How is this possible?

[ben-pr-p]

Hey team!

Blown away by this example from the docs:

import { is } from '@deepkit/type';

const user = await fetch('/user/1');
if (is<User>(user)) {
    user.username; //user object has been validated and its safe to assume its 'User'
}

is<number>(variable); //primitive types work, too

I took a look through the source of is, and I understand that this is accomplished by generating a serializer on the fly using new Function in @deepkit/core, but I still can't draw the link between how the type parameter passed to createTypeGuardFunction changes what function gets constructed.

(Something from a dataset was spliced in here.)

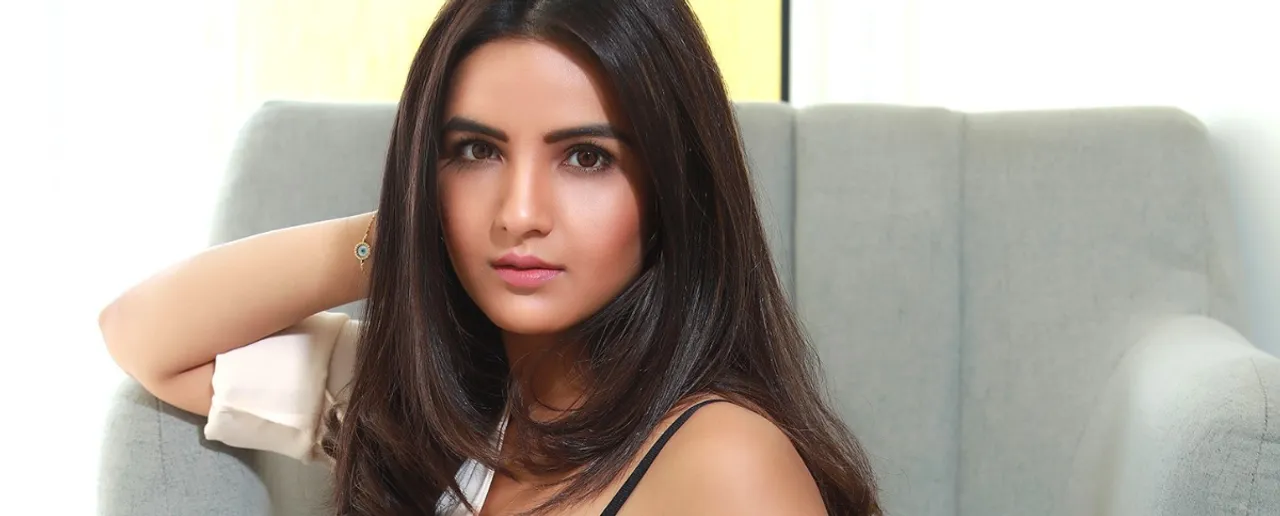 Jasmin Bhasin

I'd love a little addition to the docs there (happy to make that PR myself) - obviously your approach has great developer ergonomics and outstanding performance, and I think understanding that last bit of magic would help me better understand how I could extend it for my applications!

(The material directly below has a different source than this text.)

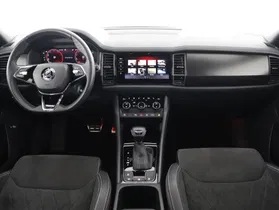 Skoda Kodiaq 2.0 TDI Sportline | Thumbnail 3 von 24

Great work though, super excited to see this mature!

[marcj]

hey ben, yeah it's a bit complicated at the beginning. Let me break it down for you:

1. When you execute is<User> the bytecode of User is passed to the is function. The function is passes that data to getValidatorFunction.
2. getValidatorFunction receives the bytecode again and constructs a full type object from that bytecode using a virtual machine. The resulting type object now contains the type kind (class in this case) with all property information.
3. getValidatorFunction requests a cache container for this class type object and creates a new type guard function for exactly this type if not already done.
4. createTypeGuardFunction builds a specialised function via new Function under the hood for the given type and returns that function. It uses the registered type guard templates of the passed serializer (which is per default the json/js serializer, which knows exactly how to type check all js types) and builds a function that checks the type of a passed data structure.
5. The newly created function is cached and returned and directly executed in is.

Hope this helps. Feel free to join discord and ask what is still unclear, would love to help.

[ben-pr-p]

Everything makes sense except for the first step:

When you execute is the bytecode of User is passed to the is function. The function is passes that data to getValidatorFunction.

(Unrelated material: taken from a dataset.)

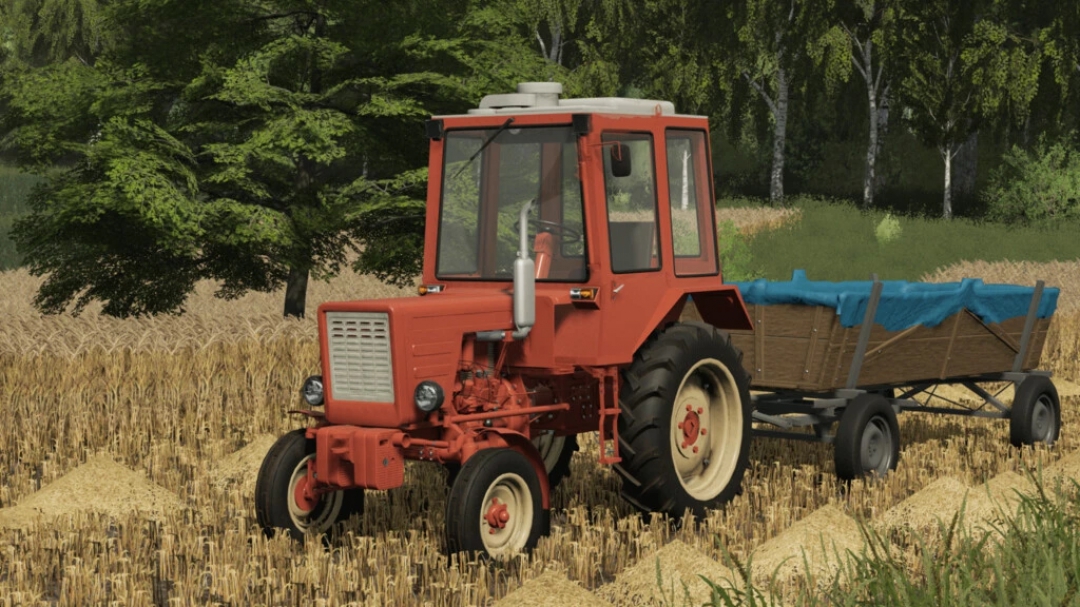 Lizard T25A-T30A80 v1.0.0.0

When I look at the definition here:

export function is<T>(data: any, serializerToUse: Serializer = serializer, errors: ValidationErrorItem[] = [], receiveType?: ReceiveType<T>): data is T {
    //`errors` is passed to `is` to trigger type validations as well
    return getValidatorFunction(serializerToUse, receiveType)(data, { errors }) as boolean;
}

I don't see any way that the bytecode of T is available.

I'm guessing that the magic is in this receiveType business:

export function getValidatorFunction<T>(serializerToUse: Serializer = serializer, receiveType?: ReceiveType<T>): Guard<T> {
    if (!receiveType) throw new NoTypeReceived();
    const type = resolveReceiveType(receiveType);
    const jit = getTypeJitContainer(type);
    if (jit.__is) {
        return jit.__is;
    }
    const fn = createTypeGuardFunction(type, undefined, serializerToUse) || (() => undefined);
    jit.__is = fn;
    return fn as Guard<T>;
}

and maybe buried in the reflection library, but I'm still struggling to comprehend how we cross the types -> runtime values chasm. When I call is, I'm still not passing a third parameter, and the provision of T can't force an actual third parameter value to appear at runtime, and so it's undefined, and so throw new NoTypeReceived() should always be thrown.

Am I reading that wrong?

[marcj]

Oh I see. That's the job of the type compiler. You see in the generated JS code how the function call is modified to include the type. In the upcoming book/new docs is more explained about that: http://deepkit-book.herokuapp.com/deepkit-book-english.html#_typeninformation_empfangen It's not finished yet, but might already be useful to understand that better.

[ben-pr-p]

Gotcha, I understand - that makes sense that this wouldn't be possible without extensions to typescript itself!

I'll play around with some toy compilations and look at the generated code, with and without the proper tsconfig.json.

Thanks! Excited to see how I can use this approach in my project.